#### EXCERPTED DATA
•••••

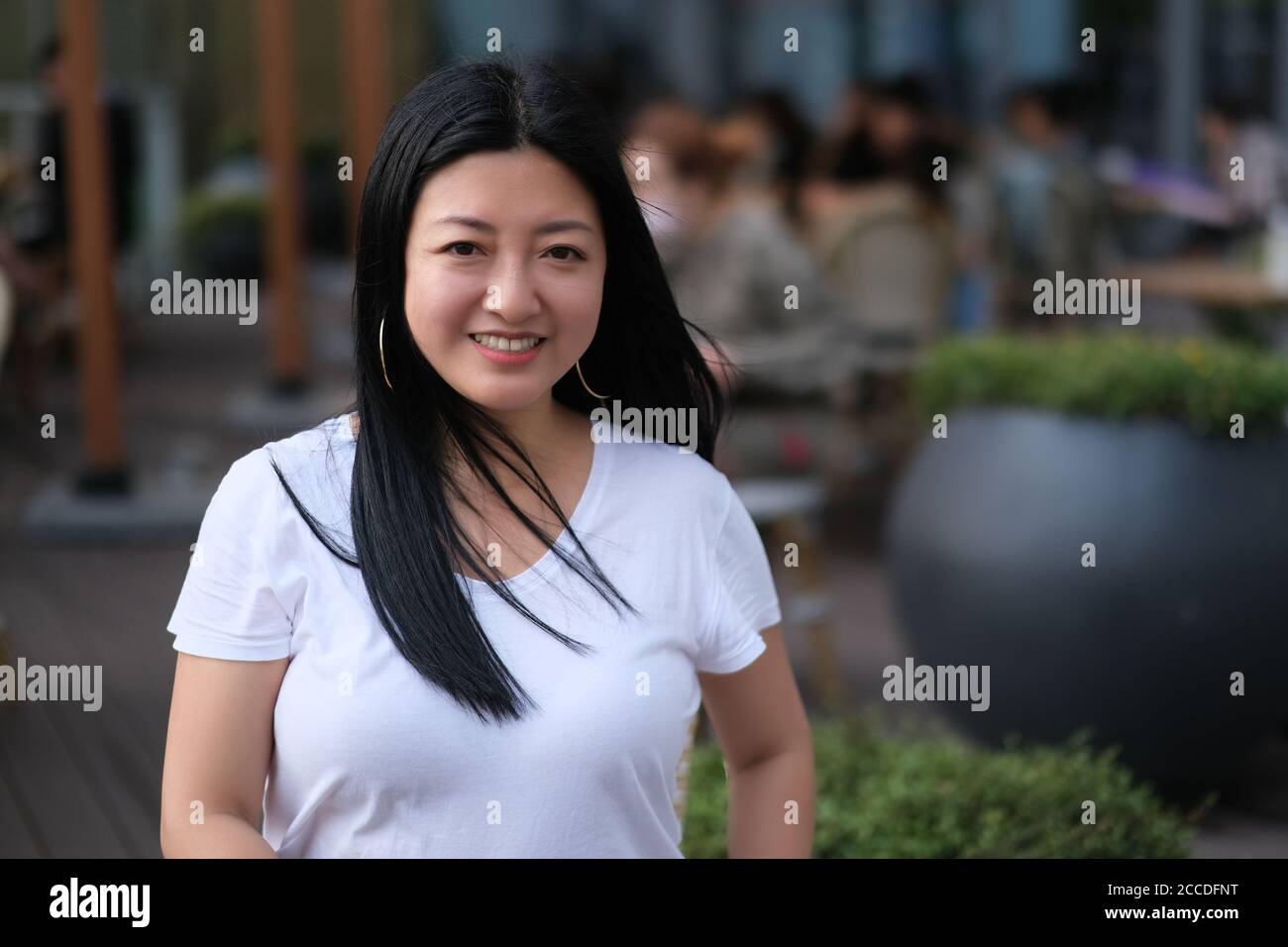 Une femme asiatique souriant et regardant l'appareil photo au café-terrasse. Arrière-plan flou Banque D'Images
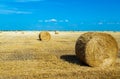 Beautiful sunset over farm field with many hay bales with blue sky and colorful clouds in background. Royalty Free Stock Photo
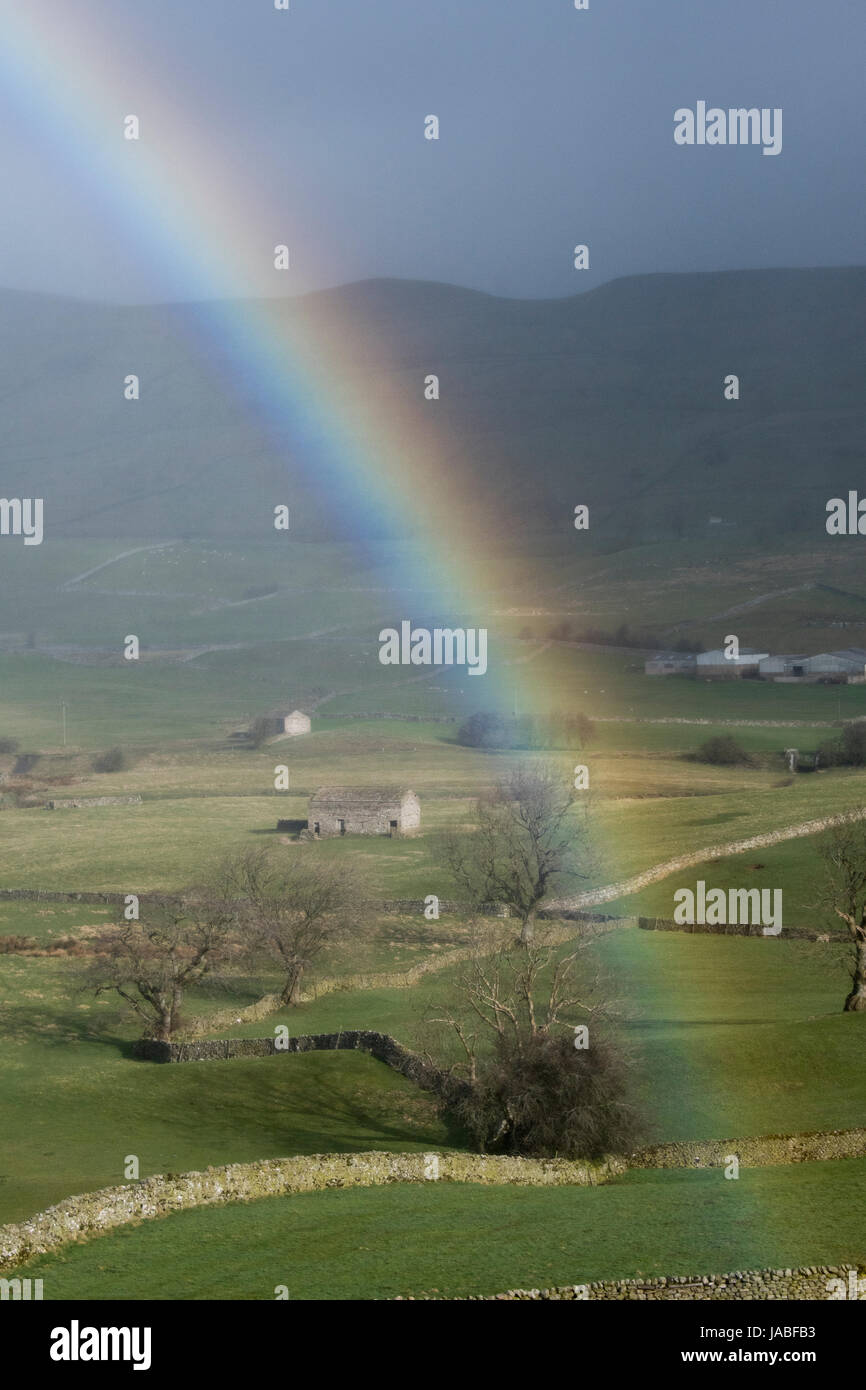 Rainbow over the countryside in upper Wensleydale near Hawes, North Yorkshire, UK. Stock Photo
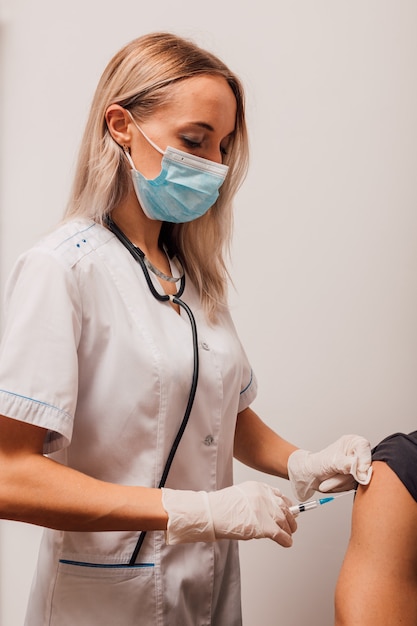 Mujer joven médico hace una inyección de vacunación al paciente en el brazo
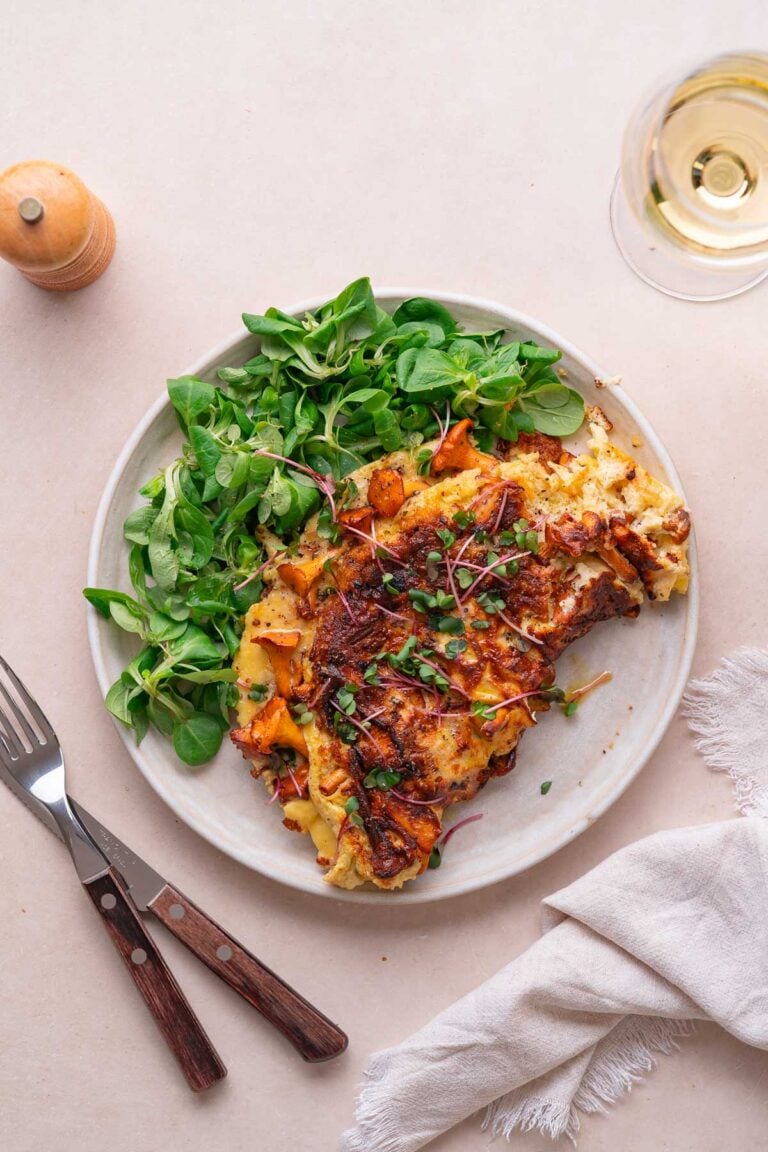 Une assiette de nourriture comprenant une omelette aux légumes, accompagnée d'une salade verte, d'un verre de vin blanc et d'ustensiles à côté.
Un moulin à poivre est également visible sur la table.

•••••

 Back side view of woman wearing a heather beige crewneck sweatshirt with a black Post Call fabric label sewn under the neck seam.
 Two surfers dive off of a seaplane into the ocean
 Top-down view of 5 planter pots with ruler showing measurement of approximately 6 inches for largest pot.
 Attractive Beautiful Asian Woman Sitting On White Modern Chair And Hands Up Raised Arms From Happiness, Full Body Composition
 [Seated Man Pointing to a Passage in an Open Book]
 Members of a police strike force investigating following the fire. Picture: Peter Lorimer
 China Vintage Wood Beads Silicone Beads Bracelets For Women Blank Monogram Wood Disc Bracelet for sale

•••••

#### DESCRIPTION OF THE TASK
If a line in the records contains "view", report it.

#### RESULT OF THE TASK
 Back side view of woman wearing a heather beige crewneck sweatshirt with a black Post Call fabric label sewn under the neck seam.
 Top-down view of 5 planter pots with ruler showing measurement of approximately 6 inches for largest pot.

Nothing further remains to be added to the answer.